Go through the records, and copy each line in which the string "Thanksgiving" is present.

+++

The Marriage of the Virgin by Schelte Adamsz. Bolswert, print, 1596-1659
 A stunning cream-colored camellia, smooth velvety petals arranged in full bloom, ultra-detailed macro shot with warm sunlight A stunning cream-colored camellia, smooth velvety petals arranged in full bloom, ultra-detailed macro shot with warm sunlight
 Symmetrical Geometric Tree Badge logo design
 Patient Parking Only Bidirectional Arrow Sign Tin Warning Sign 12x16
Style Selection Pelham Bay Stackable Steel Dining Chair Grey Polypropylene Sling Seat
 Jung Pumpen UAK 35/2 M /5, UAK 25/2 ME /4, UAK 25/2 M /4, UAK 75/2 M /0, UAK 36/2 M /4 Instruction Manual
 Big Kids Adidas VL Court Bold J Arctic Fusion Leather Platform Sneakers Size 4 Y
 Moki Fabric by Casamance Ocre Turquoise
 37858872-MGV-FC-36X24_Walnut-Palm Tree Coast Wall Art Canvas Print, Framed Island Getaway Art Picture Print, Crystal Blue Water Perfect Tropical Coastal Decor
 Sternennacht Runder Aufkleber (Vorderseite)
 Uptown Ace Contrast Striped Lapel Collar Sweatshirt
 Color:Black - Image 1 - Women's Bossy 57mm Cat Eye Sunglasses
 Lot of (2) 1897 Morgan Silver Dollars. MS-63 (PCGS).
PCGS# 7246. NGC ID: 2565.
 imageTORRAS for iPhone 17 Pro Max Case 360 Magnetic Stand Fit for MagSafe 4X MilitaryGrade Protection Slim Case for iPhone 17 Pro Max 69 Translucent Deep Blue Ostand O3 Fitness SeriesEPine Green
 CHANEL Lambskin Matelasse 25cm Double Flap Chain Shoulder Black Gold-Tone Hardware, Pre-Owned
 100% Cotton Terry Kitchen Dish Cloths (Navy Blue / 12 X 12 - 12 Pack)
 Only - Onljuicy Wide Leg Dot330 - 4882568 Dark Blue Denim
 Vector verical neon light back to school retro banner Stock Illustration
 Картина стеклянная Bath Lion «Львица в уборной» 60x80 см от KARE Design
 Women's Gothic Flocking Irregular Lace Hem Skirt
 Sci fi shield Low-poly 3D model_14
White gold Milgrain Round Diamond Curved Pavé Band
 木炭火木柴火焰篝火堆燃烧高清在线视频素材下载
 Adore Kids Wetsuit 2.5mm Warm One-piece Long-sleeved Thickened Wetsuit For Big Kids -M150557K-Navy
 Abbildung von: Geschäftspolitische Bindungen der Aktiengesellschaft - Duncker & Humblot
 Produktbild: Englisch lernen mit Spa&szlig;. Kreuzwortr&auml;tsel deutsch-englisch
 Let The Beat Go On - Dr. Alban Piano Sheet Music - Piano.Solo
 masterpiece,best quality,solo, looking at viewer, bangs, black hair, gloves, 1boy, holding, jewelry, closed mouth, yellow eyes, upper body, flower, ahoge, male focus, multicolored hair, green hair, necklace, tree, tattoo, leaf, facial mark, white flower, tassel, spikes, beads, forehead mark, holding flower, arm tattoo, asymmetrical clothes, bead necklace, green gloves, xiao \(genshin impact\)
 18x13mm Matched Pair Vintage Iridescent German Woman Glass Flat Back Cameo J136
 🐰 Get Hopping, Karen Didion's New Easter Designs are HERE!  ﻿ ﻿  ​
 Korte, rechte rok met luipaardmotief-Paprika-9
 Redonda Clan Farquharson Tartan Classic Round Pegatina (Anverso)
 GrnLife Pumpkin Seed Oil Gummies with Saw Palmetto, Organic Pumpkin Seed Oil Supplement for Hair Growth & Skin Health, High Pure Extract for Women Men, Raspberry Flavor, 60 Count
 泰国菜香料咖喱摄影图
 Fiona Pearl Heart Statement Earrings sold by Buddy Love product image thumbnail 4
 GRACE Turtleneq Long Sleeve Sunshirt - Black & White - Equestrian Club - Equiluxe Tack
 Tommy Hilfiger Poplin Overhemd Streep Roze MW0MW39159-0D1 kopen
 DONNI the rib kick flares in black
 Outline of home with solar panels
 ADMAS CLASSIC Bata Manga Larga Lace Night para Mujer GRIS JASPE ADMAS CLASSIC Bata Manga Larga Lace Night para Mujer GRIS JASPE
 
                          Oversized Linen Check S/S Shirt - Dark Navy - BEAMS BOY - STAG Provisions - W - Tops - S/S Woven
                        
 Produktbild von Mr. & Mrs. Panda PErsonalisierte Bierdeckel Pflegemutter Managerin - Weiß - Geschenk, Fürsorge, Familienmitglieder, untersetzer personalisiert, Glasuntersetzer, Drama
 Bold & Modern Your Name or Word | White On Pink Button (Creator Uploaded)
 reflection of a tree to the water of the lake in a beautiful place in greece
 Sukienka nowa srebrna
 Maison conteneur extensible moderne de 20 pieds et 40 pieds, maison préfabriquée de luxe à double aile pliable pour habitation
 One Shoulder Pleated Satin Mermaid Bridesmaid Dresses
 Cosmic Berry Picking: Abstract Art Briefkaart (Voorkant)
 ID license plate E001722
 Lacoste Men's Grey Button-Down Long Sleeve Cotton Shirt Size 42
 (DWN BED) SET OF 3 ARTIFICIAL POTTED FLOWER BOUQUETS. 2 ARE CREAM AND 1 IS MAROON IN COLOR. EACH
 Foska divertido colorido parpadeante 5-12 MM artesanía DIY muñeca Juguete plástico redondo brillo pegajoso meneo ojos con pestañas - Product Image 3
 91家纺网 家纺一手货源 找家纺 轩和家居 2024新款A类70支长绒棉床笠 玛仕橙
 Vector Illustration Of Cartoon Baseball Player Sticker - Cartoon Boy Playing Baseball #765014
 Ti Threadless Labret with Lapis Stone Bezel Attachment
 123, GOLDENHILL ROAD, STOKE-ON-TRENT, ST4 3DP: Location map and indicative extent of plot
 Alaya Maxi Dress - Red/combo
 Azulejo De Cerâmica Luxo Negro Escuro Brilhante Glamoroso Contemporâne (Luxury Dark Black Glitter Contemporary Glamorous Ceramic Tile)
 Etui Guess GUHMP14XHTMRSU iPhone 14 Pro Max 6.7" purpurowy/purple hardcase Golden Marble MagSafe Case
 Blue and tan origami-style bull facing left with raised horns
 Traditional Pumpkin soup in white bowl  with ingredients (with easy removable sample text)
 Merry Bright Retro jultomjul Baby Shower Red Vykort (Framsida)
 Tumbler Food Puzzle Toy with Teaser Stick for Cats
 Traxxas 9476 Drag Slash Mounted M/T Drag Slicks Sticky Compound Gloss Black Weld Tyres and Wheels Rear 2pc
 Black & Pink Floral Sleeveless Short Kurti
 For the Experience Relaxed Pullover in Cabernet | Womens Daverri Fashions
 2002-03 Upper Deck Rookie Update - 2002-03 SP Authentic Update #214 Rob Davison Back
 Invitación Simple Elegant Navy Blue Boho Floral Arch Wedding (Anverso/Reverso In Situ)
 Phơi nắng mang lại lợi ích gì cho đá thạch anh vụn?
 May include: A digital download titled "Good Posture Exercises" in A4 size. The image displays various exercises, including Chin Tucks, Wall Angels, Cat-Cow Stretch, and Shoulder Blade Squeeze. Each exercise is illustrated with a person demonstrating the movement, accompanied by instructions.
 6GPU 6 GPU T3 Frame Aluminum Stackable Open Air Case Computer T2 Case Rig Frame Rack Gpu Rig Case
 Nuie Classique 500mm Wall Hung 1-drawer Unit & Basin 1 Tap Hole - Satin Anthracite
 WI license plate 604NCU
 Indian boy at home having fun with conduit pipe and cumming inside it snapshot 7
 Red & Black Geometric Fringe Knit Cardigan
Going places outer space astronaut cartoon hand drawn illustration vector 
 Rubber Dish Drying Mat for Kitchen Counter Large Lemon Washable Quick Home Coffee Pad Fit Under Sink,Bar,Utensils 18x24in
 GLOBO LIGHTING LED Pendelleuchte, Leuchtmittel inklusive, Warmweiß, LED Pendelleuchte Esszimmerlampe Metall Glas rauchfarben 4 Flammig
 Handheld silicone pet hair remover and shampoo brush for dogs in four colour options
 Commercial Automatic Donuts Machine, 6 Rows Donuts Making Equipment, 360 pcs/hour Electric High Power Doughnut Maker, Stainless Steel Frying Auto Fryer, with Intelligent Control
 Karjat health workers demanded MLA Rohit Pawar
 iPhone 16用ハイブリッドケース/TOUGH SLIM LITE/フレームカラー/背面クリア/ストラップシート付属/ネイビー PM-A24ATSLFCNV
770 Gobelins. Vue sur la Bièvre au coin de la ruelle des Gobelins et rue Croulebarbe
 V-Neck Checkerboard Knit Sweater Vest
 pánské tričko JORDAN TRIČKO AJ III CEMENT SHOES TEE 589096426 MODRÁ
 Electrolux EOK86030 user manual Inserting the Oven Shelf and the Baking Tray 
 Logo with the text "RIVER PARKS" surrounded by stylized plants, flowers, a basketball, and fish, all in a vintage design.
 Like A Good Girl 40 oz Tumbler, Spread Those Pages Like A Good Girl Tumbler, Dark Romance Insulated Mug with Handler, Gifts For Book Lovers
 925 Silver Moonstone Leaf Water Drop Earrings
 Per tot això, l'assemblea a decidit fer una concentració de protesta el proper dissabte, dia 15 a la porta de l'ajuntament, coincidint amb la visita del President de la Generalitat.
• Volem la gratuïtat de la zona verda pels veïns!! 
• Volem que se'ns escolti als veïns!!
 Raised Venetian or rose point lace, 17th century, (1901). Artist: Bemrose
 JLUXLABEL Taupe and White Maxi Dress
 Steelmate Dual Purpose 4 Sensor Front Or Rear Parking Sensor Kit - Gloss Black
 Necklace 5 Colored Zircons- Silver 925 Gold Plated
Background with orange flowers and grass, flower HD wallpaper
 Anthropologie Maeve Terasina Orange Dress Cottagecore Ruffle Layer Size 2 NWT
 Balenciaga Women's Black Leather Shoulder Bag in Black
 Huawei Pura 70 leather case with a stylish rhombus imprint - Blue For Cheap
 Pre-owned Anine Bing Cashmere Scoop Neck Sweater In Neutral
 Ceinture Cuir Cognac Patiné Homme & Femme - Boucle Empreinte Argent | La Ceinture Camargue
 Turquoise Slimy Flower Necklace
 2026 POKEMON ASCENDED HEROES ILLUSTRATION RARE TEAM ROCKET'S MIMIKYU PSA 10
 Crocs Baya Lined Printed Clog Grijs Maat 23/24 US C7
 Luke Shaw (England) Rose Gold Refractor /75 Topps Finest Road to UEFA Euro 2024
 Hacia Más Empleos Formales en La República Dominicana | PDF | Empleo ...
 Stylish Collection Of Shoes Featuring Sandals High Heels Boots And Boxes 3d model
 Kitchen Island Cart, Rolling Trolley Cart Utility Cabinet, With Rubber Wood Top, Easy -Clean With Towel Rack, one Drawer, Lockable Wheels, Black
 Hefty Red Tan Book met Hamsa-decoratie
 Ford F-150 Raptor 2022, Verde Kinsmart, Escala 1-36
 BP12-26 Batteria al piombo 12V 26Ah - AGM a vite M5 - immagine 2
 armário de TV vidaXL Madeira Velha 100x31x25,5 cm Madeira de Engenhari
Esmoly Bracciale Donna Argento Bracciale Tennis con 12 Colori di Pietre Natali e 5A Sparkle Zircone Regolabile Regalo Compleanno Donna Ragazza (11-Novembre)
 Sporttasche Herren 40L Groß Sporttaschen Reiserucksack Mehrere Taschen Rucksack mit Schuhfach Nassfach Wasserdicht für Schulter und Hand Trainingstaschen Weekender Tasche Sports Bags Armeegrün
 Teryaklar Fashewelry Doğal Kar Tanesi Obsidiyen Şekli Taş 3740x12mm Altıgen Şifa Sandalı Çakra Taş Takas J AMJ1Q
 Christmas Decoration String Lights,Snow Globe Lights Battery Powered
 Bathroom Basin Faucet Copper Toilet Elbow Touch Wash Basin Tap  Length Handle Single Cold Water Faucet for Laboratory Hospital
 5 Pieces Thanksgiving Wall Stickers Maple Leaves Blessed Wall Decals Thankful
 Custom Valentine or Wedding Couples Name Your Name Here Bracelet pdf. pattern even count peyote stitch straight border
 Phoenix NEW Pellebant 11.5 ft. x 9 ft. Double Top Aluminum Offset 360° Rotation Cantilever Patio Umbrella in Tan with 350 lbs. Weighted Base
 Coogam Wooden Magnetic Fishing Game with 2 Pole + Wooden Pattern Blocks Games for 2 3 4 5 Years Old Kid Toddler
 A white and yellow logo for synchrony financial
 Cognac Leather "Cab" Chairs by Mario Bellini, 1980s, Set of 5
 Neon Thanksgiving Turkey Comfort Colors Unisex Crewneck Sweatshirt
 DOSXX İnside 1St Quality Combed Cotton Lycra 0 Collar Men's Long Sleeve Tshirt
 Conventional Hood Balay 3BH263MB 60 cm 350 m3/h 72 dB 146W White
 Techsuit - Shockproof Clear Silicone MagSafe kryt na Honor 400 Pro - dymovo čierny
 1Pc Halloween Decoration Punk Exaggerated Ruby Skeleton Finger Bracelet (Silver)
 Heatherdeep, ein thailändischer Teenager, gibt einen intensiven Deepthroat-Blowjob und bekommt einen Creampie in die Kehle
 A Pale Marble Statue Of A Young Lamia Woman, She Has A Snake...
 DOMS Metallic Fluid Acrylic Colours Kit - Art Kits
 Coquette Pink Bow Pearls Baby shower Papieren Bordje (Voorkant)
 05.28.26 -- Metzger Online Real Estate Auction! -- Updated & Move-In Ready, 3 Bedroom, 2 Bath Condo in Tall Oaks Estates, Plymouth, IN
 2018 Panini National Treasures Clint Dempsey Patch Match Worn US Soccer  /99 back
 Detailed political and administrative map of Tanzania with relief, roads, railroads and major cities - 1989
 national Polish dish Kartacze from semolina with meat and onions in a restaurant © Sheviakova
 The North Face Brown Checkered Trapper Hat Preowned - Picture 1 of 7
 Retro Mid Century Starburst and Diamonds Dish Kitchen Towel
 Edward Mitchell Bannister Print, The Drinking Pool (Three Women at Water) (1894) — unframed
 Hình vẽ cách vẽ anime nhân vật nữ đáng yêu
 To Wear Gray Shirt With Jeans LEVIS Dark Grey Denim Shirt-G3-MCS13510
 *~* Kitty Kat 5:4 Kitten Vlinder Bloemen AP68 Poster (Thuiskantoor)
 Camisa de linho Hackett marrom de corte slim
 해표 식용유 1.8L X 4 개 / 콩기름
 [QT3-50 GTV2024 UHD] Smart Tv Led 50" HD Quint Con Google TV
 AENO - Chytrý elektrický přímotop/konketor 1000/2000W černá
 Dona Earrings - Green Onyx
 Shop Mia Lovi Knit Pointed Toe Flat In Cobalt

+++

* Task output:
 5 Pieces Thanksgiving Wall Stickers Maple Leaves Blessed Wall Decals Thankful
 Neon Thanksgiving Turkey Comfort Colors Unisex Crewneck Sweatshirt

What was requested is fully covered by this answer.